Exercise » Please restate word for word the lines of the entries below from the one with "KS license plate 705CIF" to the one with "Brooks Brothers Brooks", inclusive, and leave out every picture.

**** Entries provided

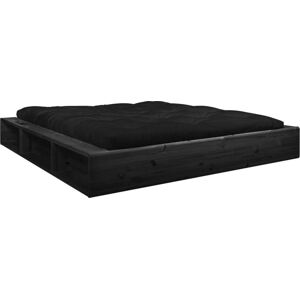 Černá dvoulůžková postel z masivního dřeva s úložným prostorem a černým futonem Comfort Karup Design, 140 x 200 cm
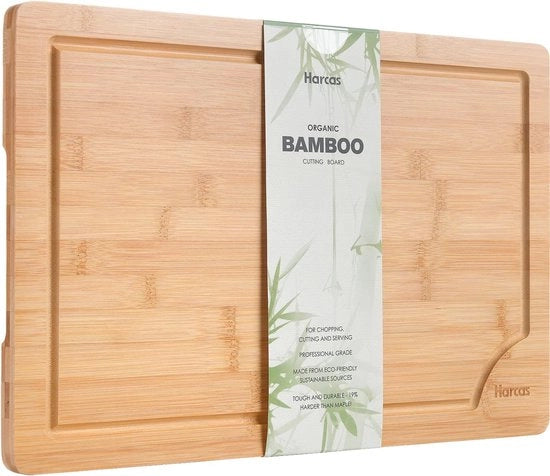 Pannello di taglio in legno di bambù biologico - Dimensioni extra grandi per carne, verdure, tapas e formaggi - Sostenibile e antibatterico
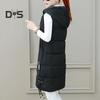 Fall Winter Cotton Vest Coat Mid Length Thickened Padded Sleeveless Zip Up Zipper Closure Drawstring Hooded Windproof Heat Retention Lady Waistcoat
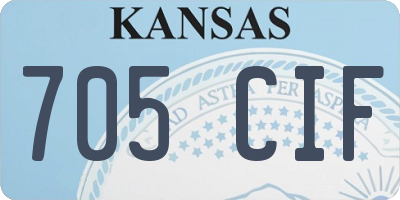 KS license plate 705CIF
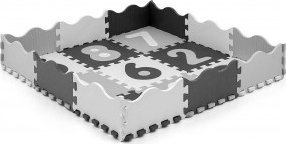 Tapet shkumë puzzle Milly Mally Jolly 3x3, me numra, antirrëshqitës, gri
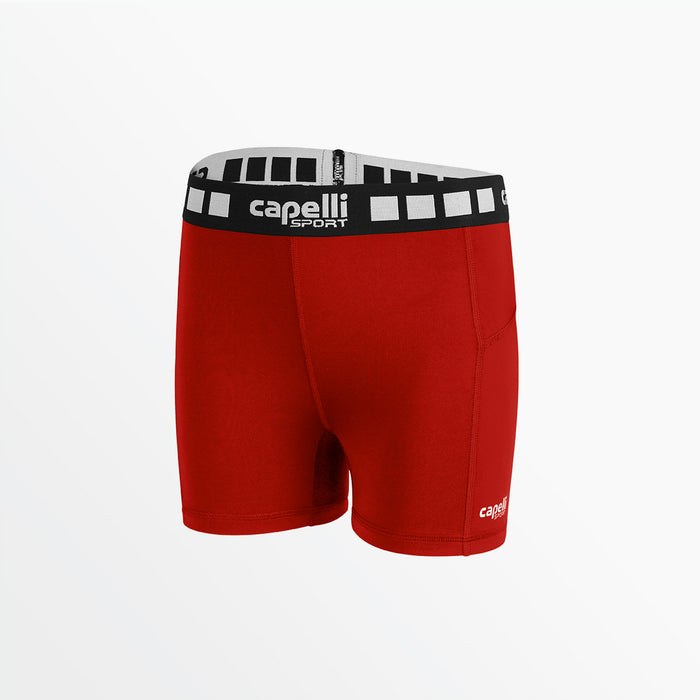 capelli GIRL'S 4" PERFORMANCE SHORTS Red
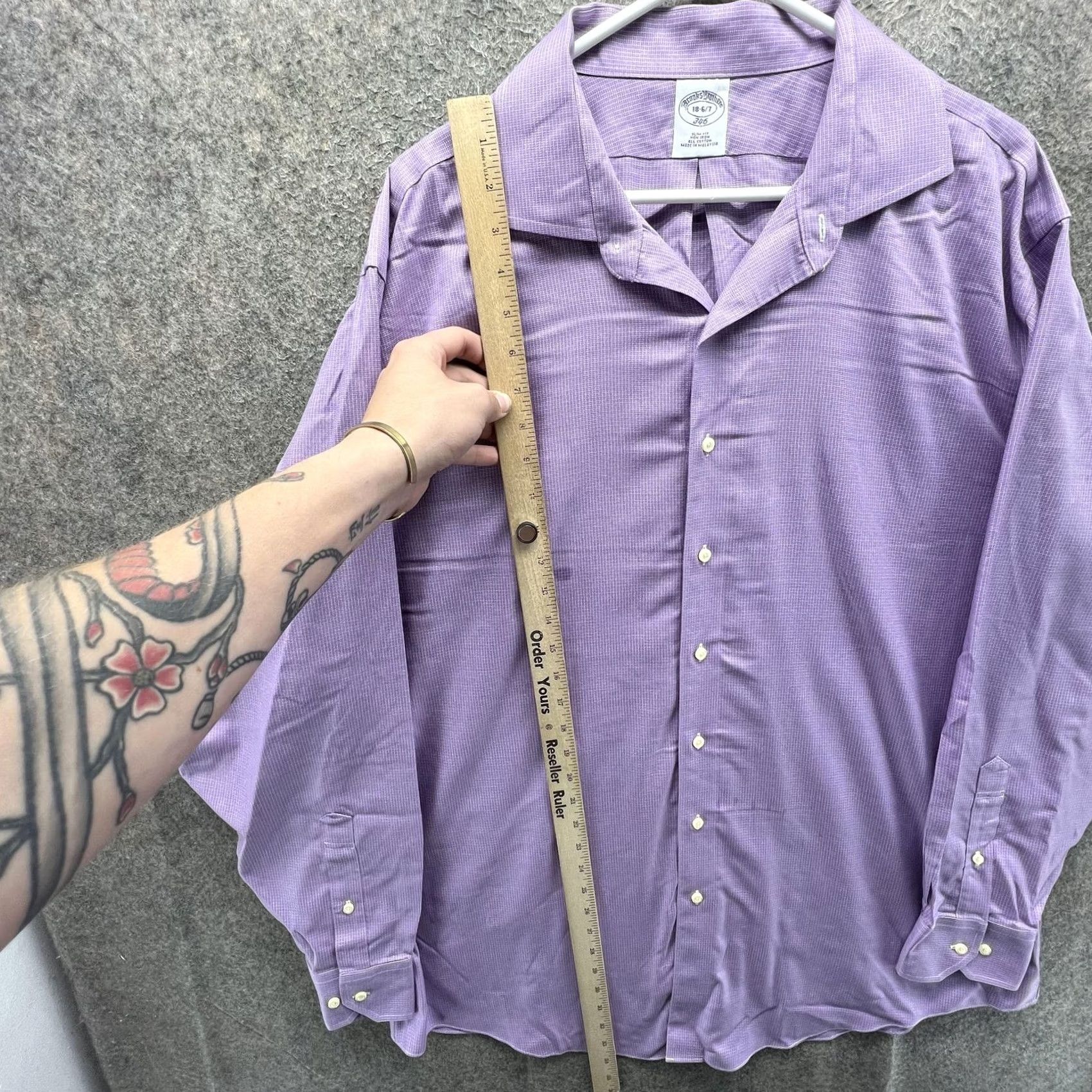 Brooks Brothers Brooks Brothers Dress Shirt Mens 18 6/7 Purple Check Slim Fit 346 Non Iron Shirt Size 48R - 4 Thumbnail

********
**** Entries provided

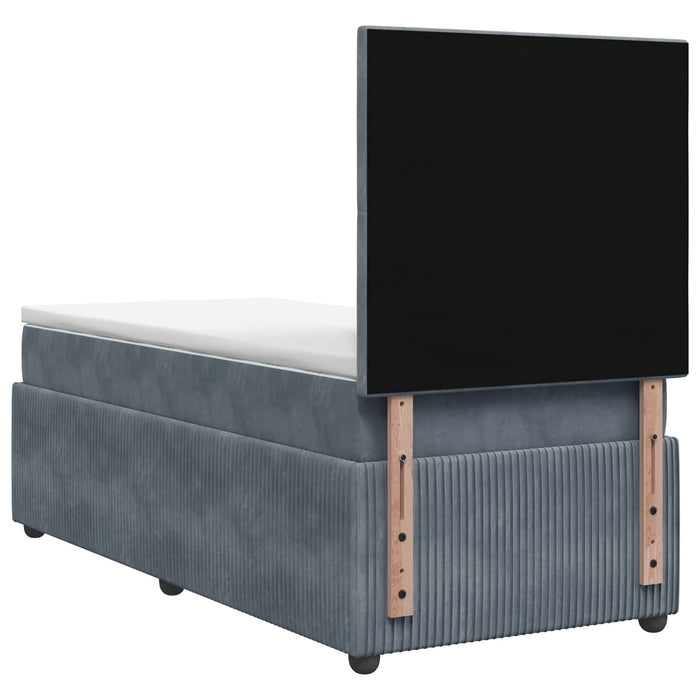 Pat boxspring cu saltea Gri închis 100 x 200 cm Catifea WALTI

********
**** Entries provided

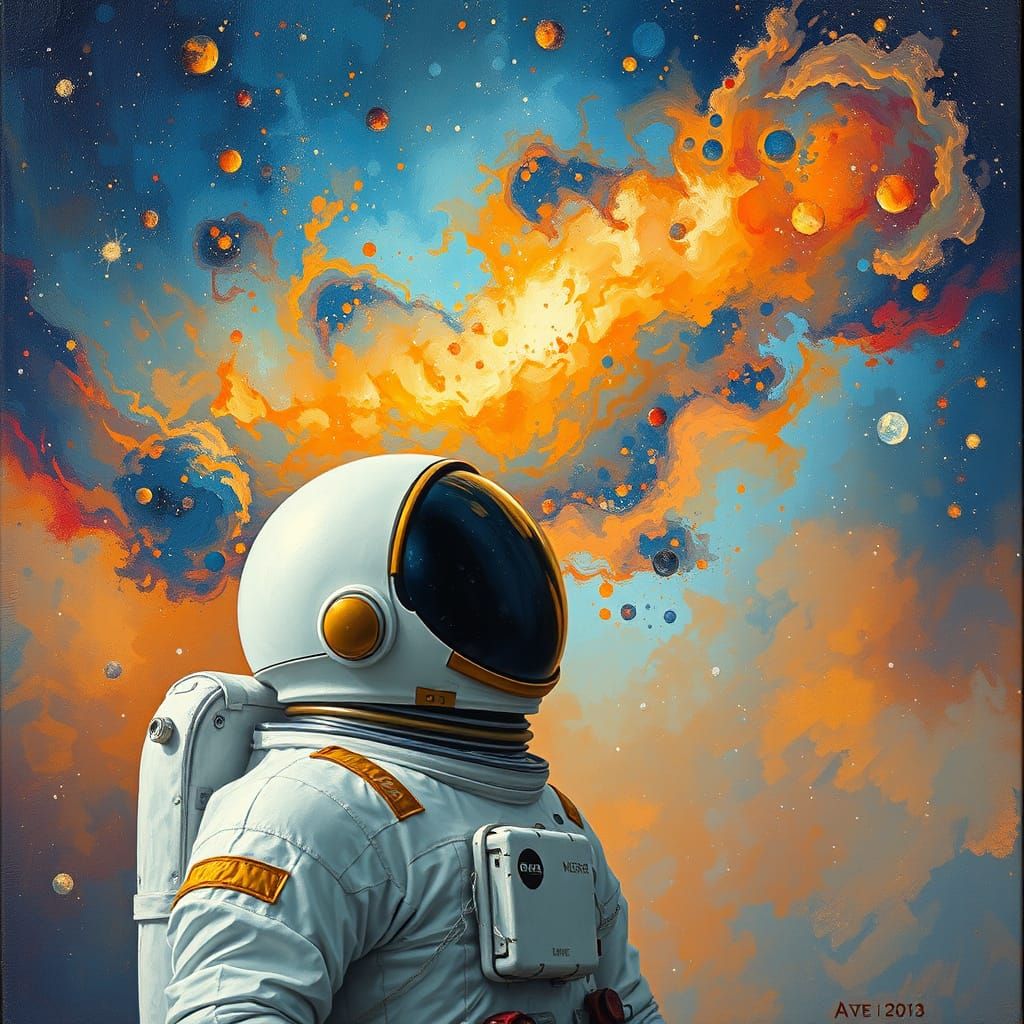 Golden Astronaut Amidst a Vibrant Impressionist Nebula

********

Solution »
 KS license plate 705CIF
 Tapet shkumë puzzle Milly Mally Jolly 3x3, me numra, antirrëshqitës, gri
 capelli GIRL'S 4" PERFORMANCE SHORTS Red
 Brooks Brothers Brooks Brothers Dress Shirt Mens 18 6/7 Purple Check Slim Fit 346 Non Iron Shirt Size 48R - 4 Thumbnail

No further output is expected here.